(Dataset records begins)
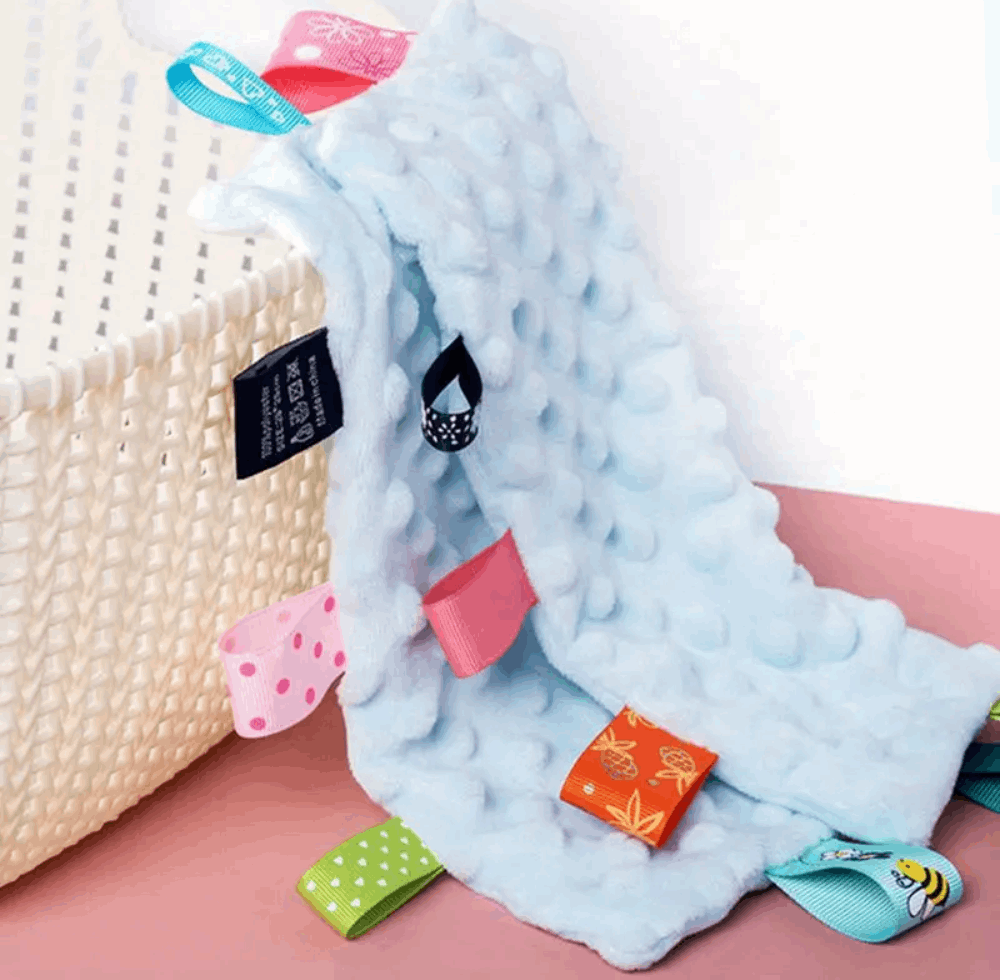 Knit Baby Hat & Bib |  MumNest |  Clothing & Accessories.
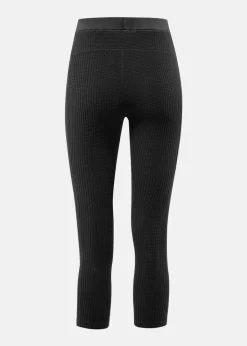 Huski Wear W CUBE TECH 3/4 TIGHTS
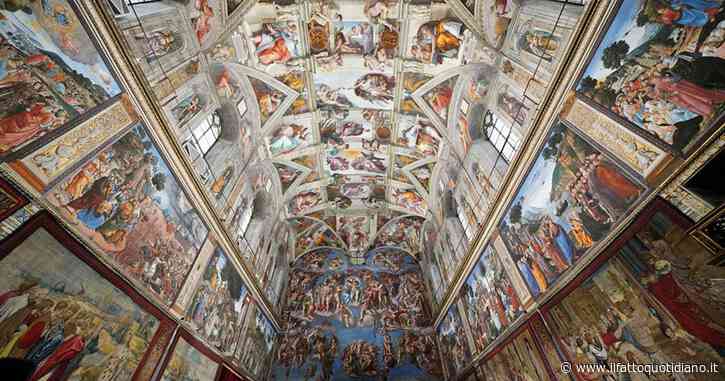 Sì al processo sul coro della Cappella Sistina, il mistero su reati e sugli imputati: l’unico nome noto è quello dell’ex direttore amministrativo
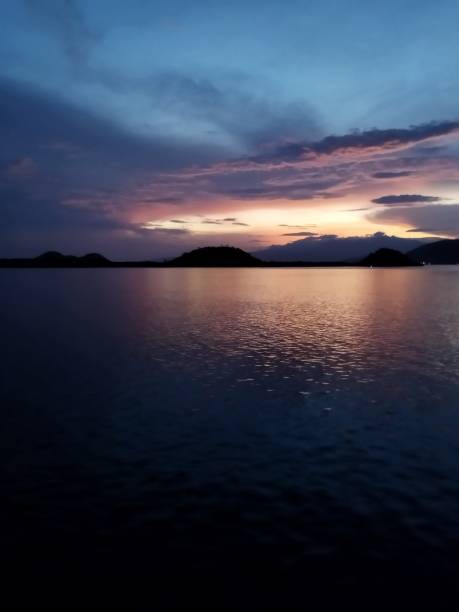 istock The atmosphere in the morning 1351553971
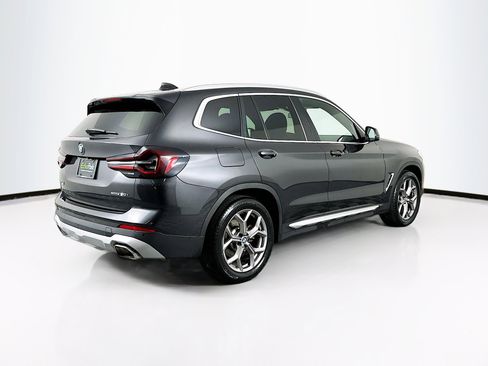 Used 2024 BMW X3 sDrive30i image 9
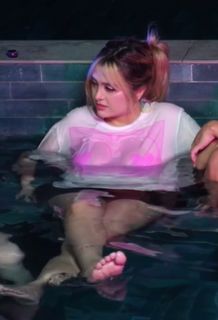 Abril Abdamari Garza Alonso feet photo thumbnail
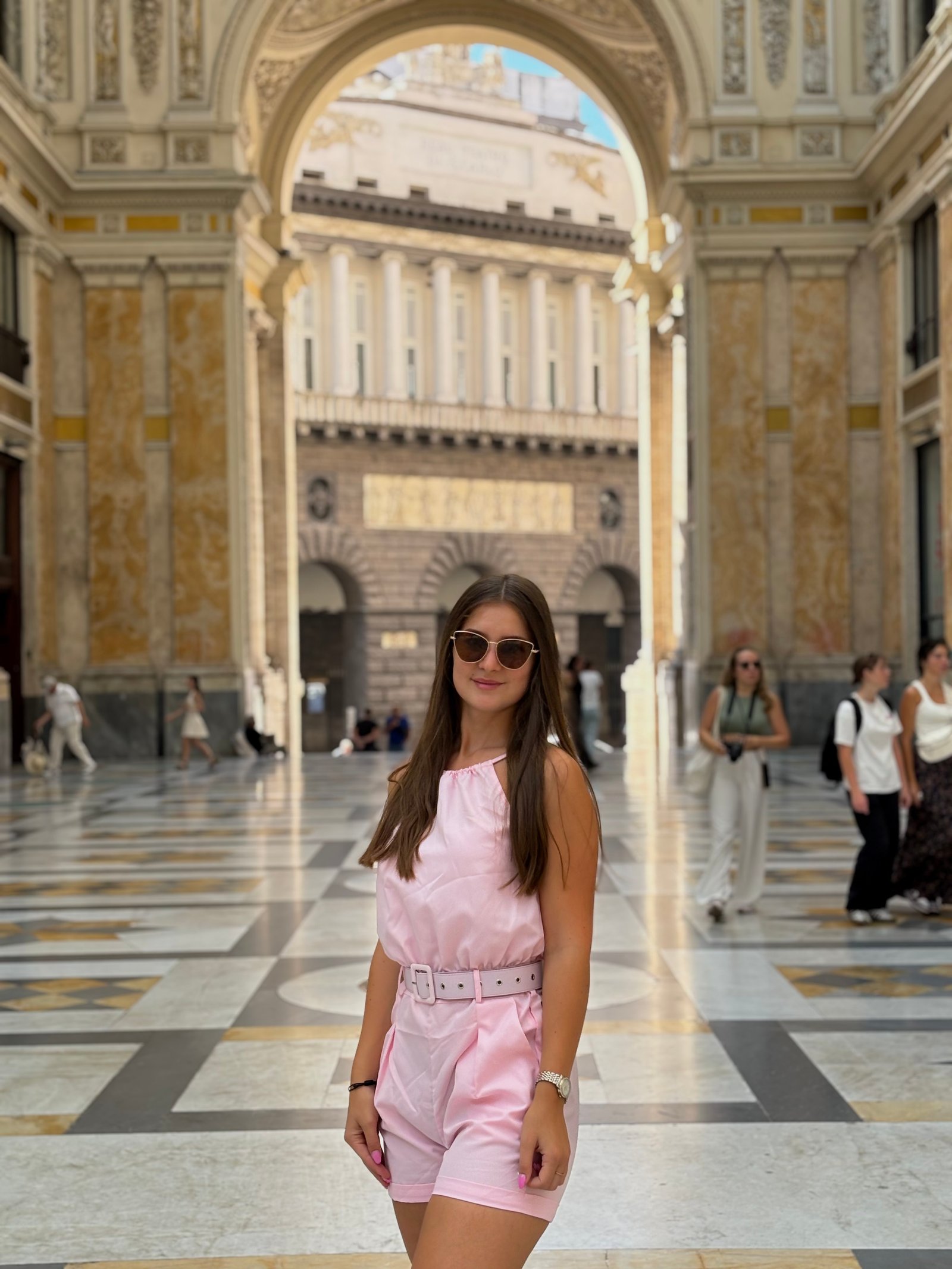 Hornyák Laura Nóra portfolio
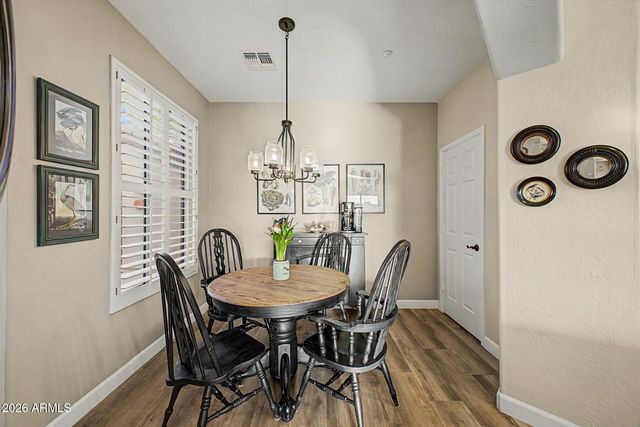 41024 N NOBLE HAWK Way, Anthem, AZ 85086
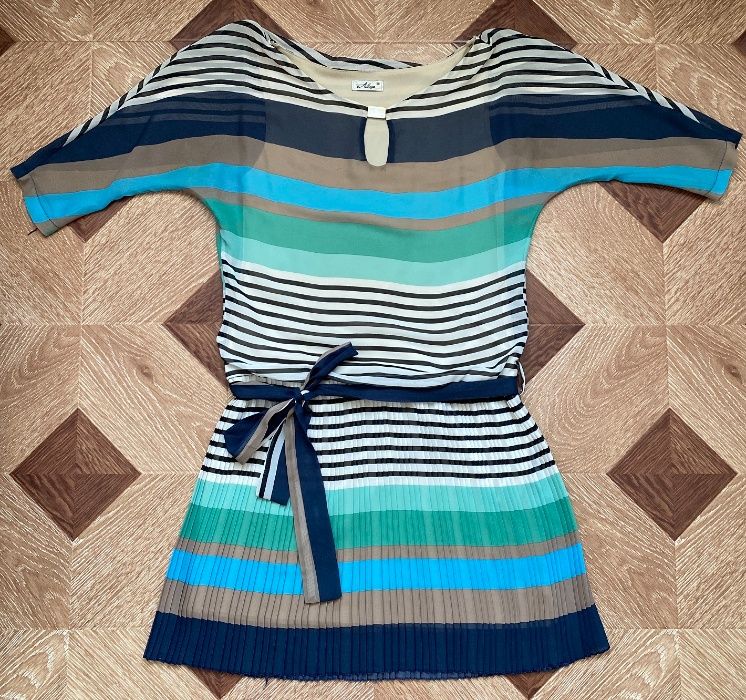 Сукні для чарівної пані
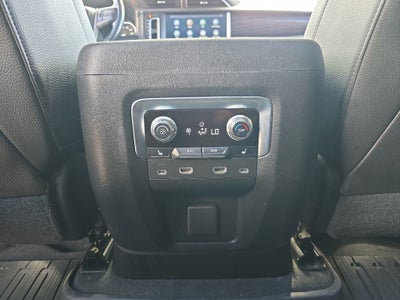 2021 GMC Yukon XL 1500 Denali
(Dataset records ends)
→ Problem to solve:
Only the lines from the one with "istock The atmosphere" to the end of the listing, both ends included, should be retyped exactly; no pictures belong in the copy.

→ Written answer:
 istock The atmosphere in the morning 1351553971
 Used 2024 BMW X3 sDrive30i image 9
 Abril Abdamari Garza Alonso feet photo thumbnail
 Hornyák Laura Nóra portfolio
 41024 N NOBLE HAWK Way, Anthem, AZ 85086
 Сукні для чарівної пані
 2021 GMC Yukon XL 1500 Denali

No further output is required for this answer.